Live And Ticking – DIE DREI ??? und der seltsame Wecker – wohl kaum einer hat den Schrei des Weckers aus der Kultfolge vergessen und für nicht wenige Fans ist dies die absolute Lieblingsfolge. Spannend natürlich, was sich die Macher einfallen lassen haben, das Hörspiel auf eine mehr als doppelte Länge zu bringen, und wie sich die Folge aus dem Jahr 1980 im hier und jetzt macht. Zunächst fällt uns aber auf, wie verflucht groß diese Halle ist, und mit welchem Aufwand das Unternehmen Hörspieltour angegangen wird. Auf jedem Sitz liegt ein Programmheft und eine Werbekarte eines Handyunternehmens, das in Zusammenarbeit mit Oliver Justus Jonas Rohrbecks Hörspiellabel LAUSCHER LOUNGE ein neues Format vermarktet. Die aggressive Werbung zieht sich über die beiden großen Leinwände neben der Bühne hindurch, einerseits haben wir in der anderthalbstündigen Wartezeit nun etwas zum anschauen und ein paar Quizfragen zu lösen, andererseits wird hier der fade Beigeschmack der unverhohlenen, kommerziellen Ausschlachtung mehr als deutlich.
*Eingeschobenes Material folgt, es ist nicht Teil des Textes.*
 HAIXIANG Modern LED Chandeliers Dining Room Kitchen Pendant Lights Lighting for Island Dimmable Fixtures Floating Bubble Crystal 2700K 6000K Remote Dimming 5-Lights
Dann wird um Punkt 20:00 Uhr das Licht gedimmt und Papagei Blacky ertönt. Justus Jonas, Peter Shaw und Bob Andrews suchen in der Kanalisation nach ihrem Ara und stoßen dabei auf den Wecker, der so seltsam schreit. Zuhause wird er untersucht und neben einer Hörspielkassette wird auch noch ein rätselhafter Brief gefunden. Die drei Detektive beginnen zu ermitteln, stoßen dabei auf einen neuen Freund Harry, dessen Vater unschuldig im Gefängnis sitzt. Bei der Suche nach der Wahrheit gibt es noch mehr Uhren, seltsame Weggefährten und unheimliche Gegner, die den Fall sehr brisant werden lassen. Aber spätestens beim aufgemotzten, an Indiana Jones erinnernden Finale wird das Live-Hörspiel endgültig zum Event.

Die Macher haben sich einige schöne Ideen einfallen lassen, bei der sich DIE DREI ??? selbst aufs Korn nehmen. Am ehesten bleibt die homoerotische Karaoke-Einlage von Andreas Bob Andrews Fröhlich und Jens Peter Shaw Wawrczek in Erinnerung, aber das Hörspiel-im-Hörspiel und Sprüche von Justus Jonas wie: Ich höre Hörspiele am liebsten zum Einschlafen, sorgen nicht nur für das nötige Augenzwinkern, sondern auch für schallendes Gelächter allerorts. Aber auch visuell wird mehr geboten, als Sprecher, die stur hinter ihren Pulten stehen. In Overalls der jeweiligen Farbe der Detektive rutschen die drei Hauptakteure auf die Bühne, darunter tragen sie Anzüge, mit Tüchern und Schuhen in ihren Farben. Im Gegensatz zu Master Of Chess ist hier alles lockerer, mehr Schauspiel, mehr Gestik, mehr Bewegung. Unglaublich, wie gut DIE DREI ??? aufgelegt sind. Und sie begeistern so sehr, dass ich mir einen USB-Stick mit der darauf enthaltenen Aufführung für überteuerte 20 € kaufe und die bedruckten Pfandplastikbecher in der zwanzigminütigen Pause nicht zurückbringe. Fandom unlimited.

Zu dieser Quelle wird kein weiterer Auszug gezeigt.